Dataset extract -
[Start of section]

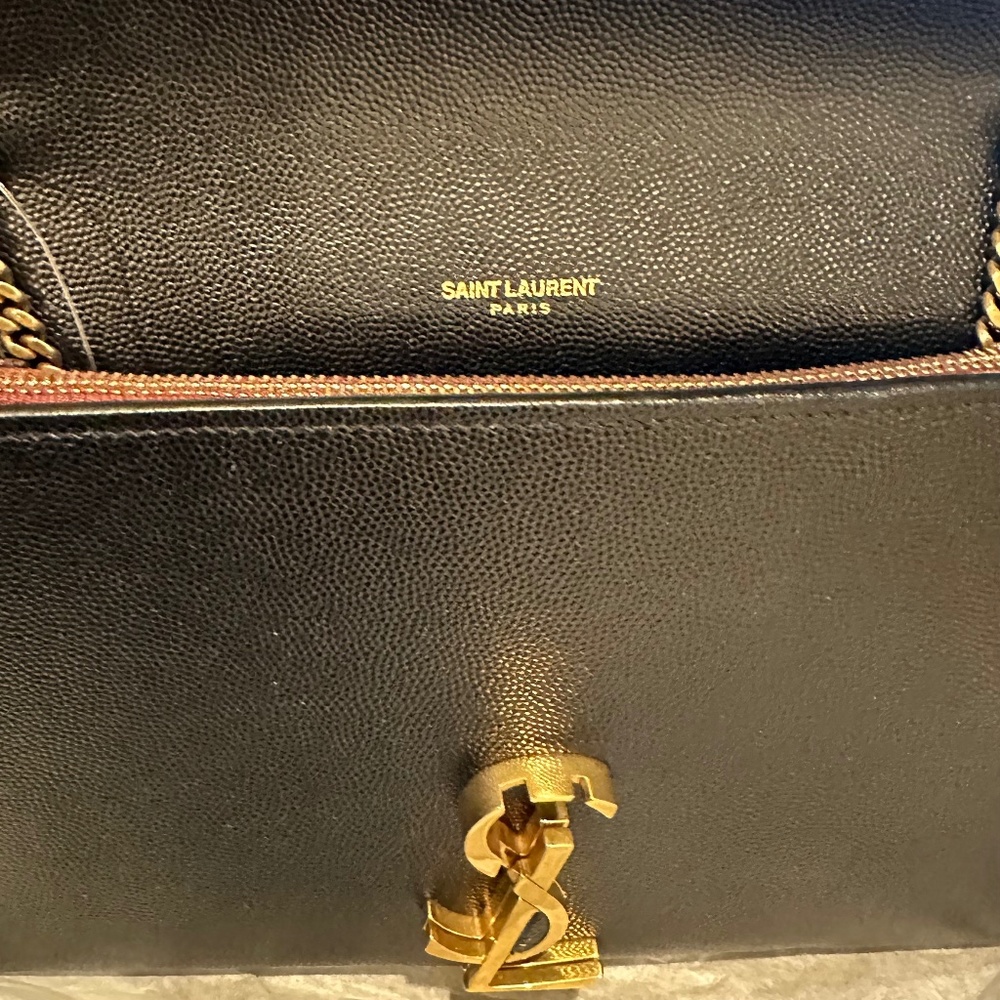 New Saint Laurent Cassandra YSL Wallet on Chain Grained Black Leather Crossbody - Picture 9 of 10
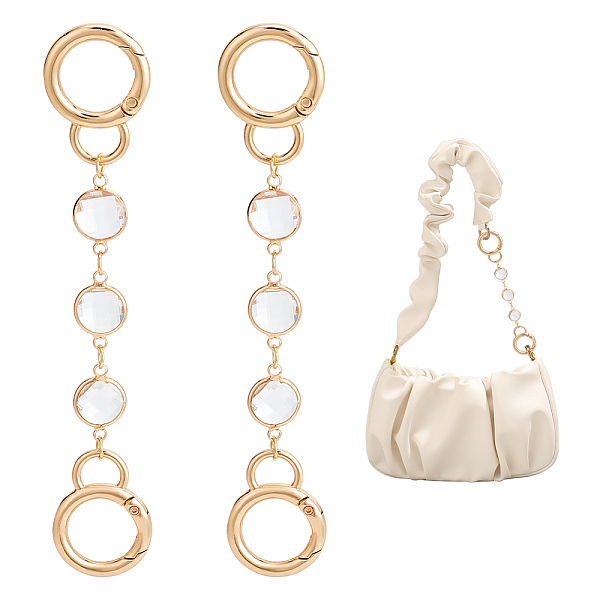 PandaHall Transparent K9 Glass with Brass Purse Strap Extenders, with Alloy Spring Gate Ring, Light Gold, 136mm, 2pcs/set Glass Flat Round..., Clear
PandaHall Transparent K9 Glass with Brass Purse Strap Extenders, with Alloy Spring Gate Ring, Light Gold, 136mm, 2pcs/set Glass Flat Round..., Clear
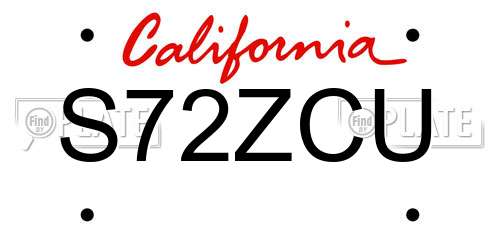 S72ZCU California License Plate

[End of section]

How to complete this task -
Print the data word for word and omit the pictures.

Output of the exercise -
 New Saint Laurent Cassandra YSL Wallet on Chain Grained Black Leather Crossbody - Picture 9 of 10
 PandaHall Transparent K9 Glass with Brass Purse Strap Extenders, with Alloy Spring Gate Ring, Light Gold, 136mm, 2pcs/set Glass Flat Round..., Clear
PandaHall Transparent K9 Glass with Brass Purse Strap Extenders, with Alloy Spring Gate Ring, Light Gold, 136mm, 2pcs/set Glass Flat Round..., Clear
 S72ZCU California License Plate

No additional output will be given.